*Dataset entries*:

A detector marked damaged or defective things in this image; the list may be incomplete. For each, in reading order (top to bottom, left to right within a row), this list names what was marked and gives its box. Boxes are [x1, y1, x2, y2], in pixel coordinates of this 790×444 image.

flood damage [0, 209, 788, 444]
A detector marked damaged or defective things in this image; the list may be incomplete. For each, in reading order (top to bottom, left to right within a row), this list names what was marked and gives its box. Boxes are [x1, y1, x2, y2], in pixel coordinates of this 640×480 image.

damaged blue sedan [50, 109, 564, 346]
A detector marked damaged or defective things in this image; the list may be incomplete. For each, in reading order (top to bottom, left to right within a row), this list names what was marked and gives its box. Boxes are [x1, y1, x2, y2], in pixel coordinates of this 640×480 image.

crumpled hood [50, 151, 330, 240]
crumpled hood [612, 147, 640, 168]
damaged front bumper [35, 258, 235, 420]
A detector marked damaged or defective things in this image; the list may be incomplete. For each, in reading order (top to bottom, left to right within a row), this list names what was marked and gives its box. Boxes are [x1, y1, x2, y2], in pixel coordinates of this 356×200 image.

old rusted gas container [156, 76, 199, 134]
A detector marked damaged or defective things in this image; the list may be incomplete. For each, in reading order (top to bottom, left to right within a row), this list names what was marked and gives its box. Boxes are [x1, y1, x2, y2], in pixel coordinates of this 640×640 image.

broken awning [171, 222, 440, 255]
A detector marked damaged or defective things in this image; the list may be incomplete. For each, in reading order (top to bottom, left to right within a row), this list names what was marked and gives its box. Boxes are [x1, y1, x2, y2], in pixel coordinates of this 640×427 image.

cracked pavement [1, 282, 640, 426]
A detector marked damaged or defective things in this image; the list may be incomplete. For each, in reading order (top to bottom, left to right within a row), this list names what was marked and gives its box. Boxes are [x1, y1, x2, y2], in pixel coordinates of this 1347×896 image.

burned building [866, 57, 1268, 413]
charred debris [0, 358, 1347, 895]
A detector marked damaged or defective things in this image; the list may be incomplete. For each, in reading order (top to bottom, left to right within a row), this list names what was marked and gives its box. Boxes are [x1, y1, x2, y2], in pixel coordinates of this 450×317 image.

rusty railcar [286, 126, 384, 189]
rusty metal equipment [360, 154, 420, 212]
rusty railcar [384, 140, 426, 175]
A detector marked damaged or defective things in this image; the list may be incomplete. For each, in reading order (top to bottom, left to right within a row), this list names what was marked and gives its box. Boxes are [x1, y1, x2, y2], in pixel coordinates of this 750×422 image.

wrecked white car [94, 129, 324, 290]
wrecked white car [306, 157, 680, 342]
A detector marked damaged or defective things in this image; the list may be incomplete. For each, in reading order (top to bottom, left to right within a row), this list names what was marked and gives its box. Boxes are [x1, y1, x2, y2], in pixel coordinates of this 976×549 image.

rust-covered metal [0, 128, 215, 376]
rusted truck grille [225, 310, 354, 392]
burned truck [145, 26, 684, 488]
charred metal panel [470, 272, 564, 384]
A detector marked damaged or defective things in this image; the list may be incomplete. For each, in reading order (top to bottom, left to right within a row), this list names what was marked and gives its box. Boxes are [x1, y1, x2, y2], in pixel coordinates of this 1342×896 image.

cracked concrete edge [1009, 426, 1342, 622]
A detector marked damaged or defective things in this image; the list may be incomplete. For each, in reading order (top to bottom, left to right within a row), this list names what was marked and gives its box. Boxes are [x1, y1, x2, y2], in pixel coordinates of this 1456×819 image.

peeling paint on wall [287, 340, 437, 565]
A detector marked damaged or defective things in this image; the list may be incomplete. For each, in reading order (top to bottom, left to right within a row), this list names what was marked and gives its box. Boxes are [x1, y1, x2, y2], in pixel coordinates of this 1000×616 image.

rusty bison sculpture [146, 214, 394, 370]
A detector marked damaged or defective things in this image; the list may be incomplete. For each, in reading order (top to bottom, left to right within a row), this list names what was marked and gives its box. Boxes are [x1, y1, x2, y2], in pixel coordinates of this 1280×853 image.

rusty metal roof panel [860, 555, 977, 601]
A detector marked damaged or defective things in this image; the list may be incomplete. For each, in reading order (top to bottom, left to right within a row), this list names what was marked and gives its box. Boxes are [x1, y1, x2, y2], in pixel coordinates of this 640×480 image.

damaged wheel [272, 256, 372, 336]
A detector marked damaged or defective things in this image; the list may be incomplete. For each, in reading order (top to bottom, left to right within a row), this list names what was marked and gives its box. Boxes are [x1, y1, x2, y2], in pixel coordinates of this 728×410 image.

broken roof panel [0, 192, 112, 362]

*PROBLEM*: Once more, write all of the records exactly as given.

*COMPLETED TASK*:
A detector marked damaged or defective things in this image; the list may be incomplete. For each, in reading order (top to bottom, left to right within a row), this list names what was marked and gives its box. Boxes are [x1, y1, x2, y2], in pixel coordinates of this 790×444 image.

flood damage [0, 209, 788, 444]
A detector marked damaged or defective things in this image; the list may be incomplete. For each, in reading order (top to bottom, left to right within a row), this list names what was marked and gives its box. Boxes are [x1, y1, x2, y2], in pixel coordinates of this 640×480 image.

damaged blue sedan [50, 109, 564, 346]
A detector marked damaged or defective things in this image; the list may be incomplete. For each, in reading order (top to bottom, left to right within a row), this list names what was marked and gives its box. Boxes are [x1, y1, x2, y2], in pixel coordinates of this 640×480 image.

crumpled hood [50, 151, 330, 240]
crumpled hood [612, 147, 640, 168]
damaged front bumper [35, 258, 235, 420]
A detector marked damaged or defective things in this image; the list may be incomplete. For each, in reading order (top to bottom, left to right within a row), this list names what was marked and gives its box. Boxes are [x1, y1, x2, y2], in pixel coordinates of this 356×200 image.

old rusted gas container [156, 76, 199, 134]
A detector marked damaged or defective things in this image; the list may be incomplete. For each, in reading order (top to bottom, left to right within a row), this list names what was marked and gives its box. Boxes are [x1, y1, x2, y2], in pixel coordinates of this 640×640 image.

broken awning [171, 222, 440, 255]
A detector marked damaged or defective things in this image; the list may be incomplete. For each, in reading order (top to bottom, left to right within a row), this list names what was marked and gives its box. Boxes are [x1, y1, x2, y2], in pixel coordinates of this 640×427 image.

cracked pavement [1, 282, 640, 426]
A detector marked damaged or defective things in this image; the list may be incomplete. For each, in reading order (top to bottom, left to right within a row), this list names what was marked and gives its box. Boxes are [x1, y1, x2, y2], in pixel coordinates of this 1347×896 image.

burned building [866, 57, 1268, 413]
charred debris [0, 358, 1347, 895]
A detector marked damaged or defective things in this image; the list may be incomplete. For each, in reading order (top to bottom, left to right within a row), this list names what was marked and gives its box. Boxes are [x1, y1, x2, y2], in pixel coordinates of this 450×317 image.

rusty railcar [286, 126, 384, 189]
rusty metal equipment [360, 154, 420, 212]
rusty railcar [384, 140, 426, 175]
A detector marked damaged or defective things in this image; the list may be incomplete. For each, in reading order (top to bottom, left to right within a row), this list names what was marked and gives its box. Boxes are [x1, y1, x2, y2], in pixel coordinates of this 750×422 image.

wrecked white car [94, 129, 324, 290]
wrecked white car [306, 157, 680, 342]
A detector marked damaged or defective things in this image; the list may be incomplete. For each, in reading order (top to bottom, left to right within a row), this list names what was marked and gives its box. Boxes are [x1, y1, x2, y2], in pixel coordinates of this 976×549 image.

rust-covered metal [0, 128, 215, 376]
rusted truck grille [225, 310, 354, 392]
burned truck [145, 26, 684, 488]
charred metal panel [470, 272, 564, 384]
A detector marked damaged or defective things in this image; the list may be incomplete. For each, in reading order (top to bottom, left to right within a row), this list names what was marked and gives its box. Boxes are [x1, y1, x2, y2], in pixel coordinates of this 1342×896 image.

cracked concrete edge [1009, 426, 1342, 622]
A detector marked damaged or defective things in this image; the list may be incomplete. For each, in reading order (top to bottom, left to right within a row), this list names what was marked and gives its box. Boxes are [x1, y1, x2, y2], in pixel coordinates of this 1456×819 image.

peeling paint on wall [287, 340, 437, 565]
A detector marked damaged or defective things in this image; the list may be incomplete. For each, in reading order (top to bottom, left to right within a row), this list names what was marked and gives its box. Boxes are [x1, y1, x2, y2], in pixel coordinates of this 1000×616 image.

rusty bison sculpture [146, 214, 394, 370]
A detector marked damaged or defective things in this image; the list may be incomplete. For each, in reading order (top to bottom, left to right within a row), this list names what was marked and gives its box. Boxes are [x1, y1, x2, y2], in pixel coordinates of this 1280×853 image.

rusty metal roof panel [860, 555, 977, 601]
A detector marked damaged or defective things in this image; the list may be incomplete. For each, in reading order (top to bottom, left to right within a row), this list names what was marked and gives its box. Boxes are [x1, y1, x2, y2], in pixel coordinates of this 640×480 image.

damaged wheel [272, 256, 372, 336]
A detector marked damaged or defective things in this image; the list may be incomplete. For each, in reading order (top to bottom, left to right within a row), this list names what was marked and gives its box. Boxes are [x1, y1, x2, y2], in pixel coordinates of this 728×410 image.

broken roof panel [0, 192, 112, 362]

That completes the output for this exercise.